According to a still further aspect of the present invention, there is provided a laser power control method, including a step of detecting, based on a reference pattern including a record mark which appears repetitively at predetermined bit number intervals, an error appearing in a phase difference between a magnetic domain wall displacement which occurs with a leading end of an isothermal region formed on a recording medium by irradiation of a playback laser beam and another magnetic domain wall displacement which occurs with a trailing end of the isothermal region, a step of detecting an amplitude of the predetermined bit number period of the reference pattern based on a clock signal, and a step of setting a playback laser power based on a result of the detection by the step of detecting a phase error and a result of the detection by the step of detecting amplitude.
With the laser power control apparatus and method, the playback laser power can be kept at an optimum level using not only a phase difference in a unit of a clock of a ghost signal from a data signal but also another phase difference which appears in a time shorter than the clock can be detected.

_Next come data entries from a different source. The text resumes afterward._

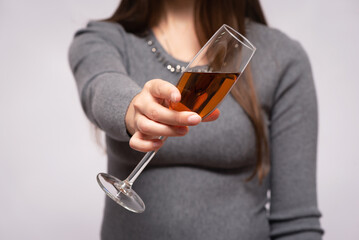 Woman holds in hand a glass of alcohol close up. The toast.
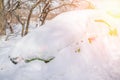 Car under a snowdrift. Winter Parking. Snow drifts in winter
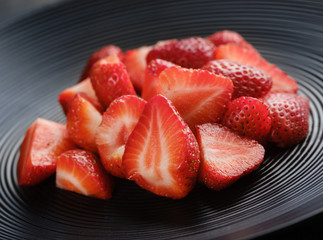 juicy strawberries on a black plate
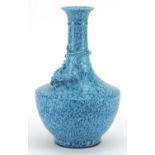 Chinese porcelain vase having a blue glaze decorated in relief with a water dragon, impressed six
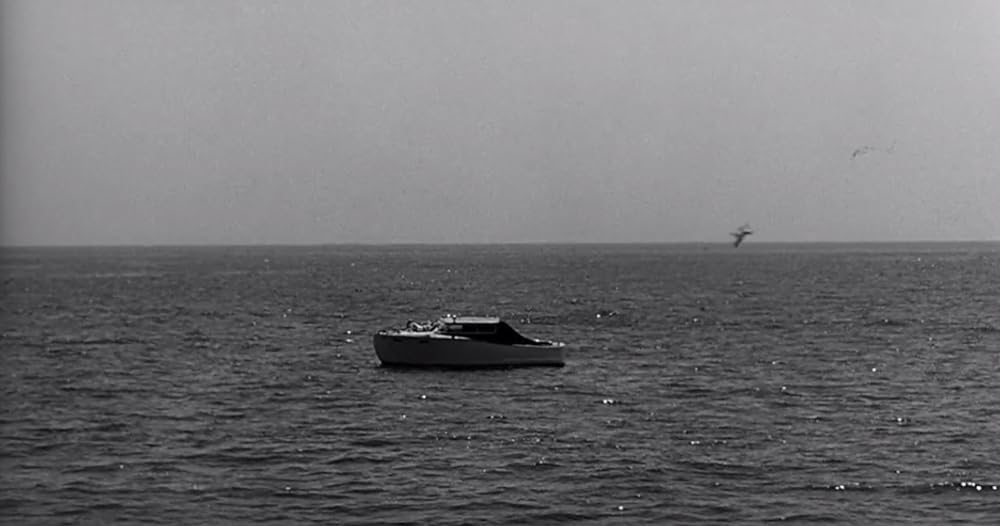 縮みゆく人間の画像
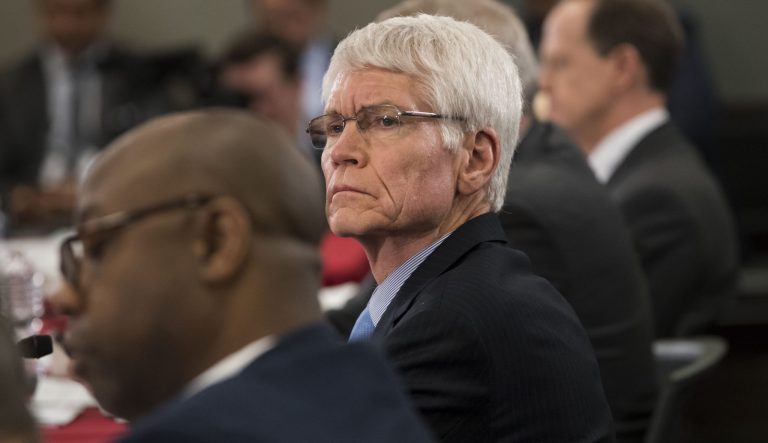 Thomas Barthold, the chief of staff for the Joint Committee on Taxation, listens as House and Senate tax bill conferees meet to work on the sweeping overhaul of the nation's tax laws, on Capitol Hill in Washington, Wednesday, Dec. 13, 2017.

According to a yet further aspect of the present invention, there is provided a magneto-optical recording and/or playback apparatus, including optical pickup means including a laser light source for emitting a laser beam, the optical pickup means being operable to irradiate the laser beam emitted from the laser light source upon a playback layer laminated on a record layer of a magneto-optical recording medium to read an information signal recorded on the record layer of the magneto-optical recording medium by magnetic domain expansions which appear in an isothermal region of the magneto-optical recording medium which appears in response to the laser beam and output a corresponding received light amount signal, playback signal generation means for generating a sum component of the magneto-optical signal and a difference component of the magneto-optical signal based on the received light amount signal outputted from the optical pickup means, and laser power control means for controlling a playback laser power to be supplied to the laser light source based on the sum component and the difference component of the magneto-optical signal supplied thereto from the playback signal generation means.
The laser power control means may include phase error detection means for detecting, based on a reference pattern including a record mark which appears repetitively at predetermined bit number intervals, an error appearing in a phase difference between a magnetic domain wall displacement which occurs with a leading end of the isothermal region formed on the recording medium by irradiation of the playback laser beam and another magnetic domain wall displacement which occurs with a trailing end of the isothermal region, amplitude detection means for detecting an amplitude of the predetermined number period of the reference pattern based on a clock signal, and control means for controlling a playback laser power based on a result of the detection from the phase error detection means and a result of the detection from the amplitude detection means.
With the magneto-optical recording and/or playback apparatus, a data signal can be played back at a high S/N ratio from a magneto-optical disk making use of a ghost signal by magnetic wall displacement detection while the playback laser power is kept at an optimum level.